### Your objective:
What you give back from the listing below should be an exact copy of the lines from the one with "FLORIANA MYSIGT ROLL-NECK-KLÄNNING" down to the one with "Kit 6 Cadeiras", and it should contain no pictures.

### Data for this exercise:
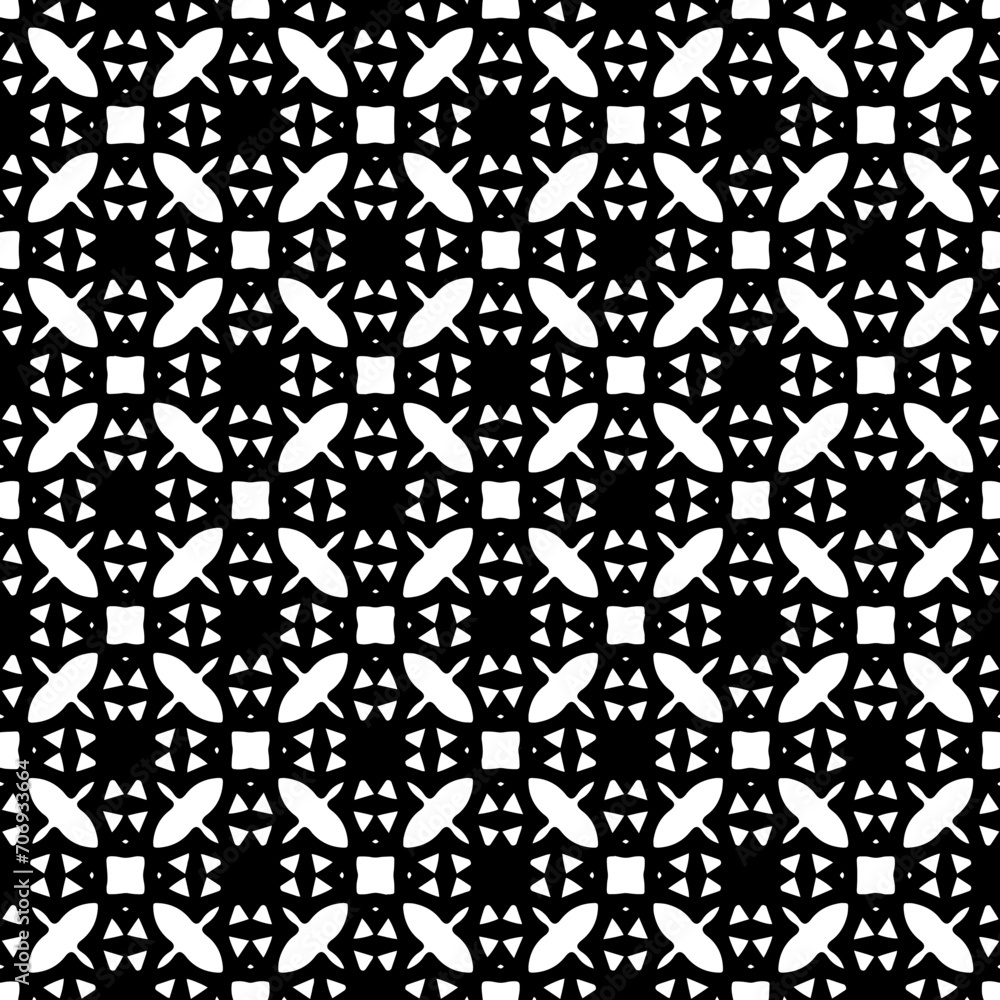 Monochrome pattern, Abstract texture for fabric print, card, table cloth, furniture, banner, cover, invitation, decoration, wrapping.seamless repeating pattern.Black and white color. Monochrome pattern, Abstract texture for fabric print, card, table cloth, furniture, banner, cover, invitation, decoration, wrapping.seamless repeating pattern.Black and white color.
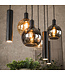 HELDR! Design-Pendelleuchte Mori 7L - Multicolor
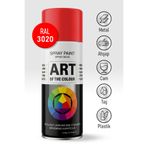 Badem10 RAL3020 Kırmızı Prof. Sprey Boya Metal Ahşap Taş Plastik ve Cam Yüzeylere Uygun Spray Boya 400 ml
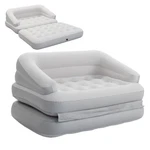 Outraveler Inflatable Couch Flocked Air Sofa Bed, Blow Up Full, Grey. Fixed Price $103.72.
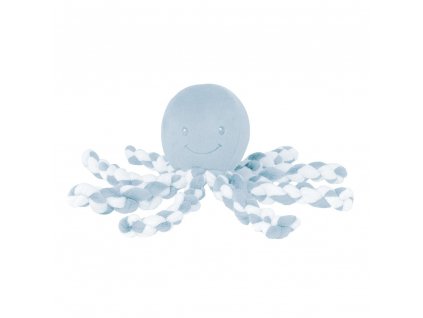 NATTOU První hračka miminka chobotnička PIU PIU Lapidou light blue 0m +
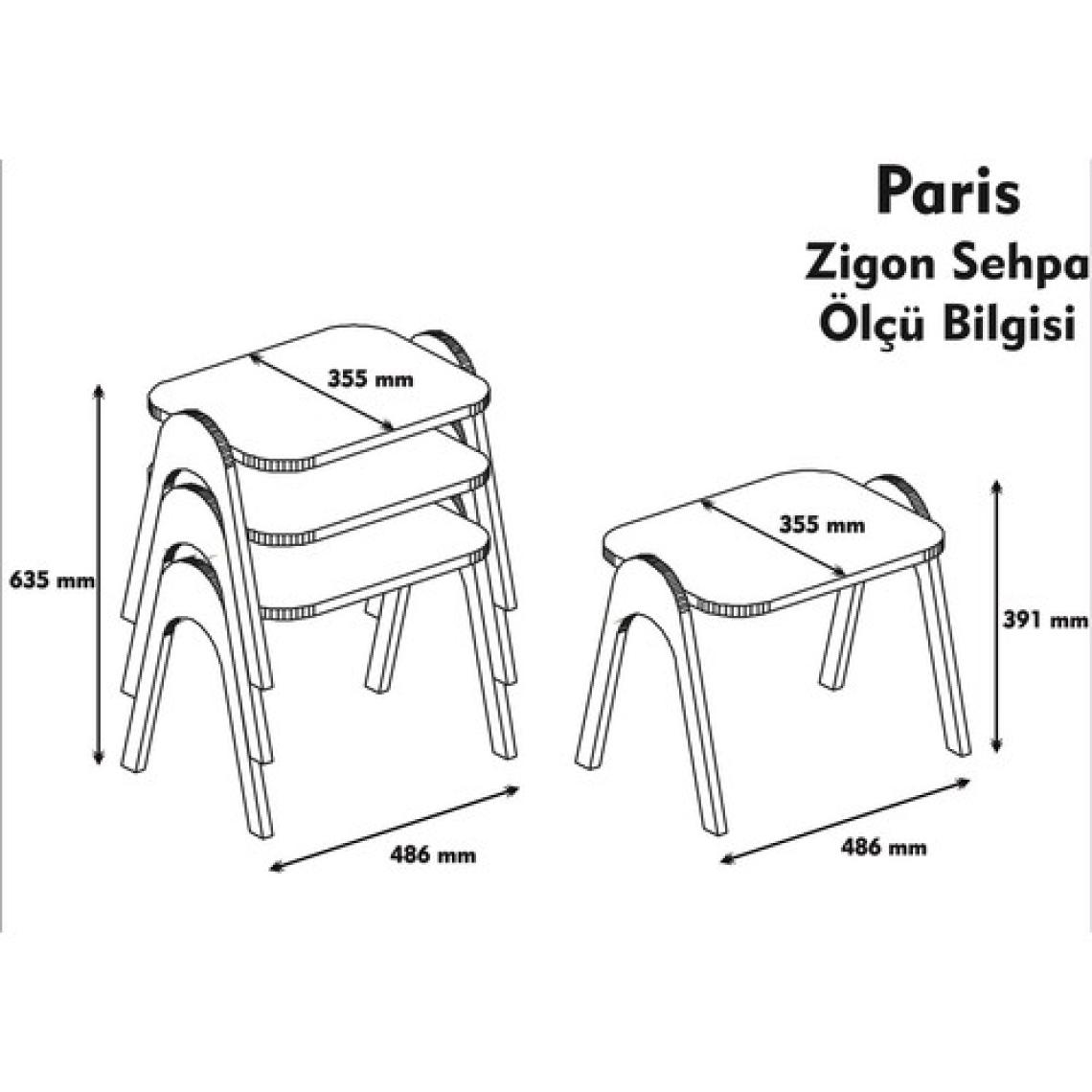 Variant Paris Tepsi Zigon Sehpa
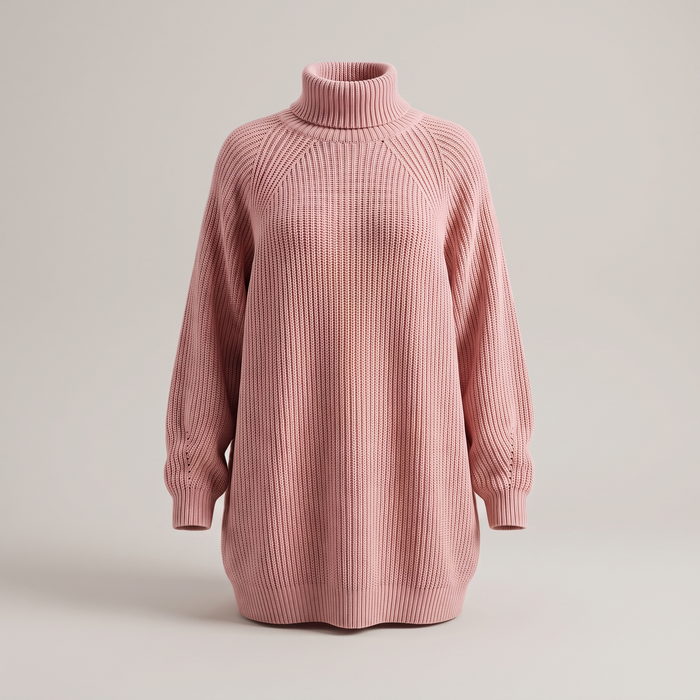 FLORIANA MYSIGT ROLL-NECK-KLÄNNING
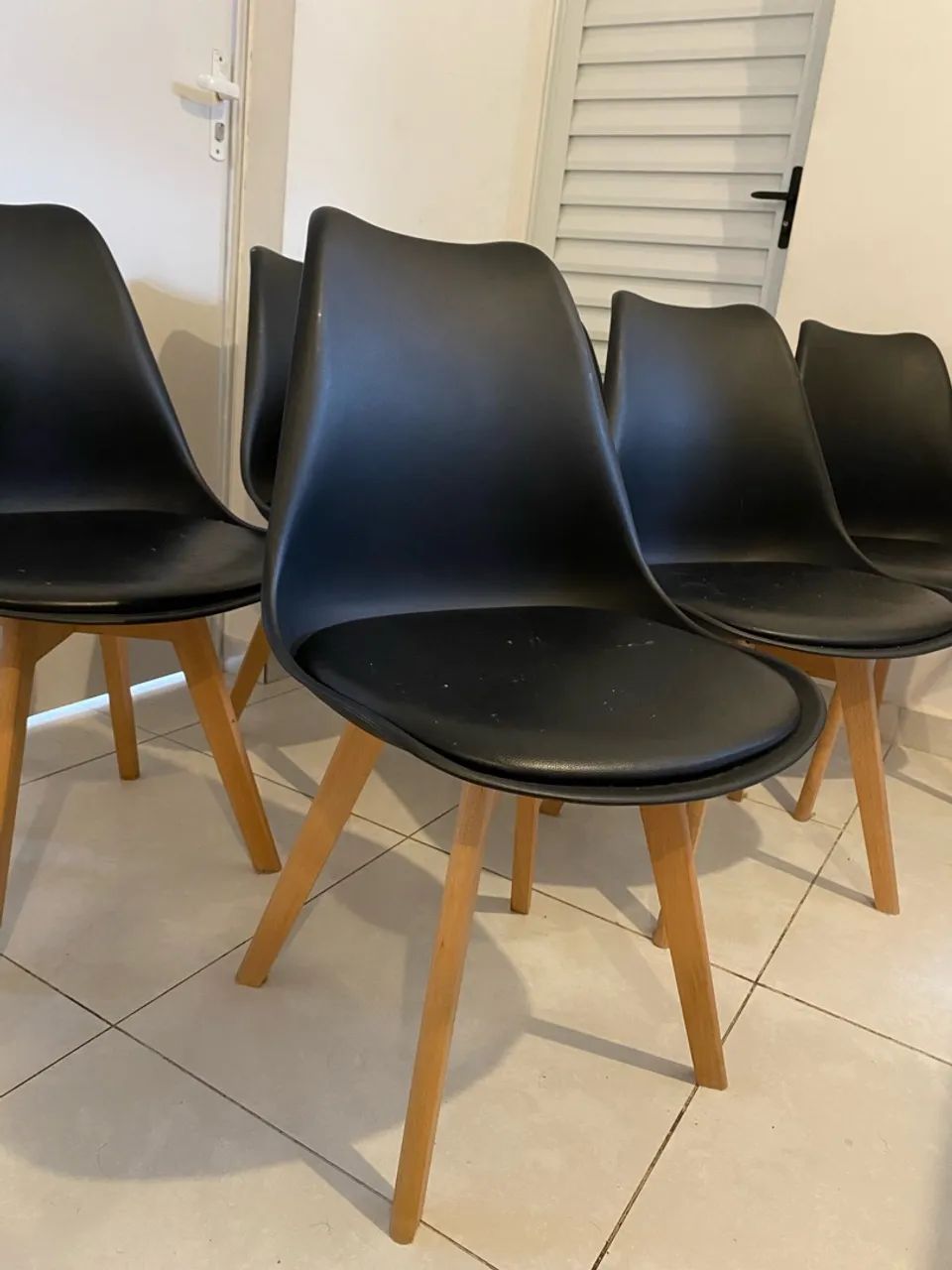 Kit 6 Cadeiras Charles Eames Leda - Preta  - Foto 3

==

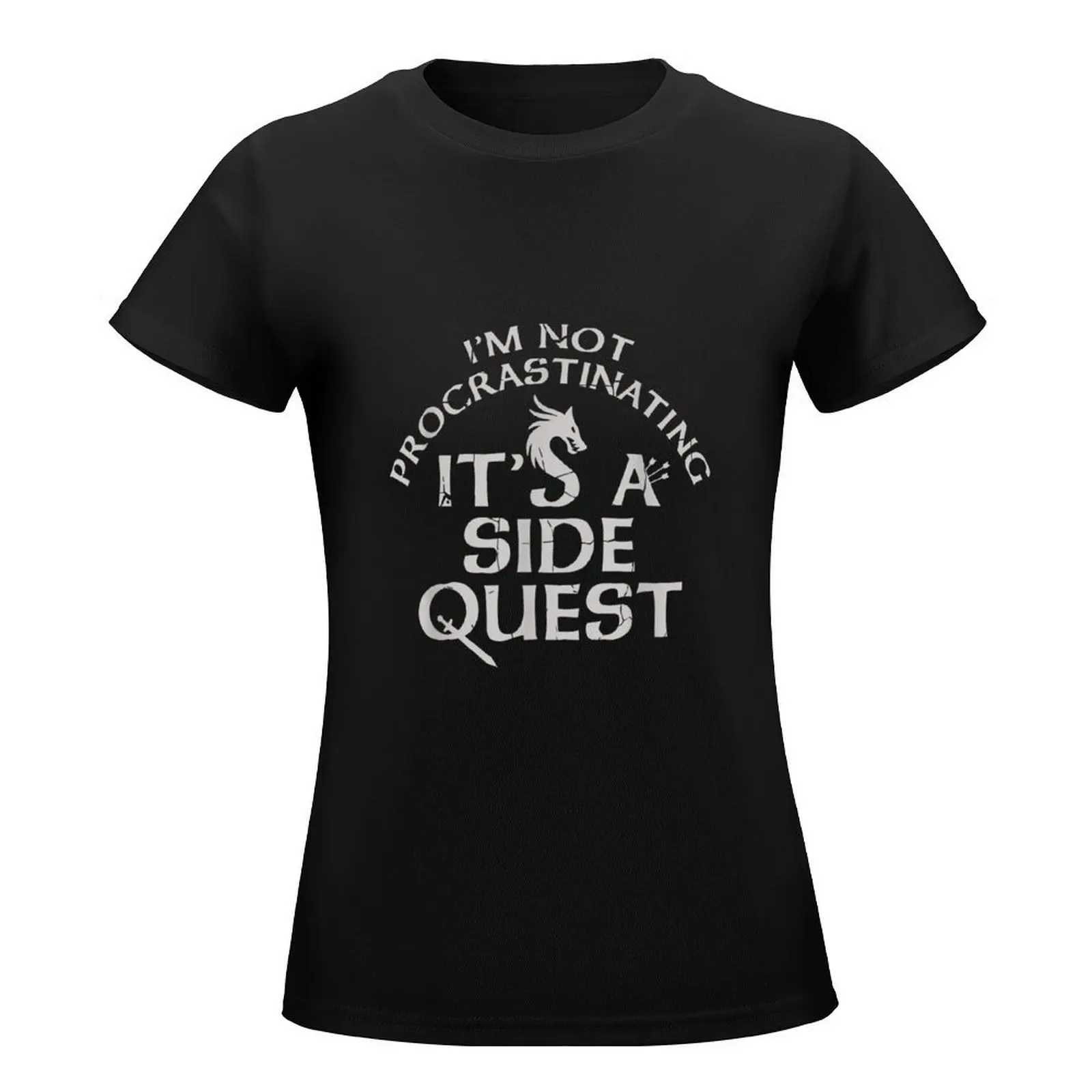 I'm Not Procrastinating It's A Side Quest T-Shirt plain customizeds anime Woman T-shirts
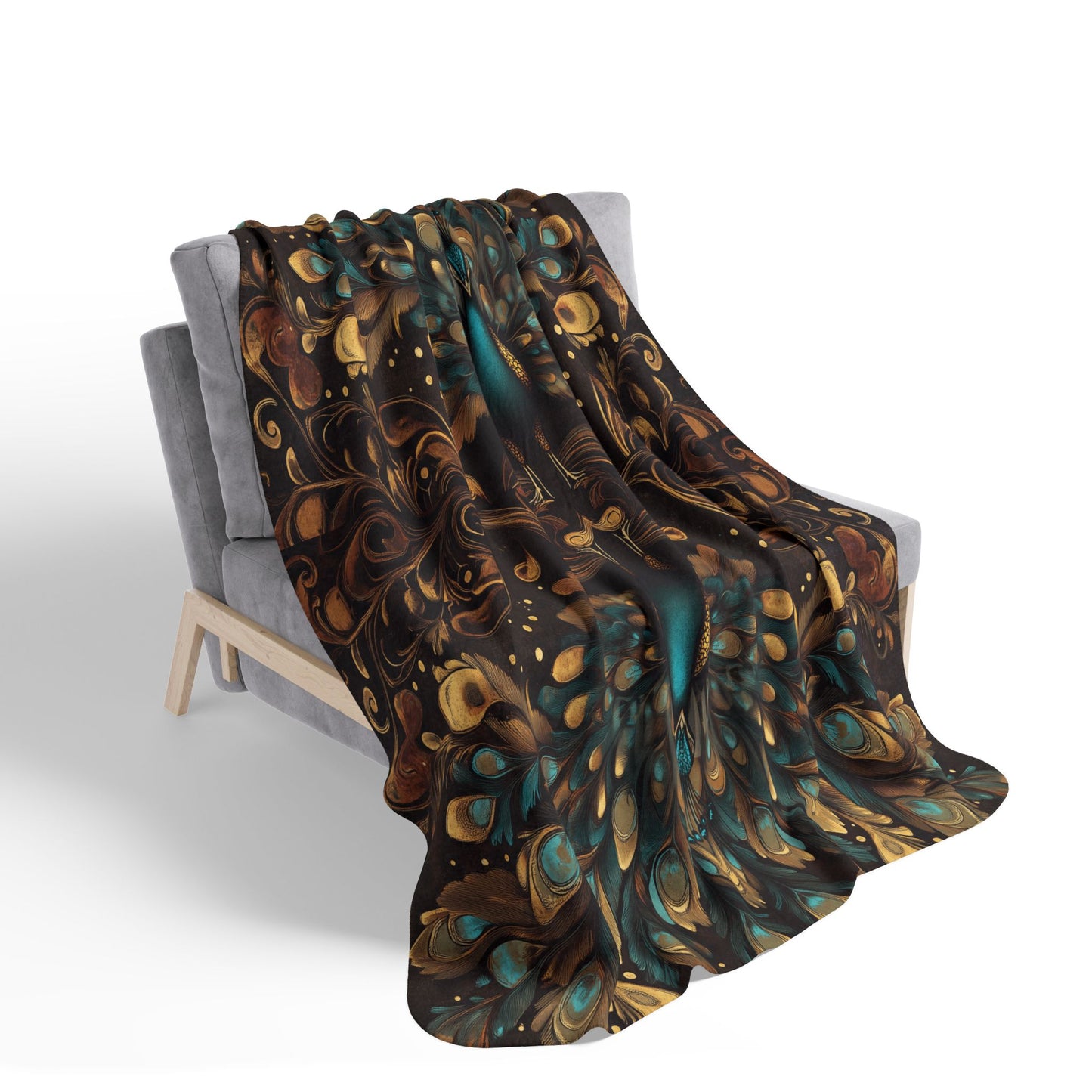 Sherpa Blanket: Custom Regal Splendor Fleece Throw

### Exercise result:
 FLORIANA MYSIGT ROLL-NECK-KLÄNNING
 Kit 6 Cadeiras Charles Eames Leda - Preta  - Foto 3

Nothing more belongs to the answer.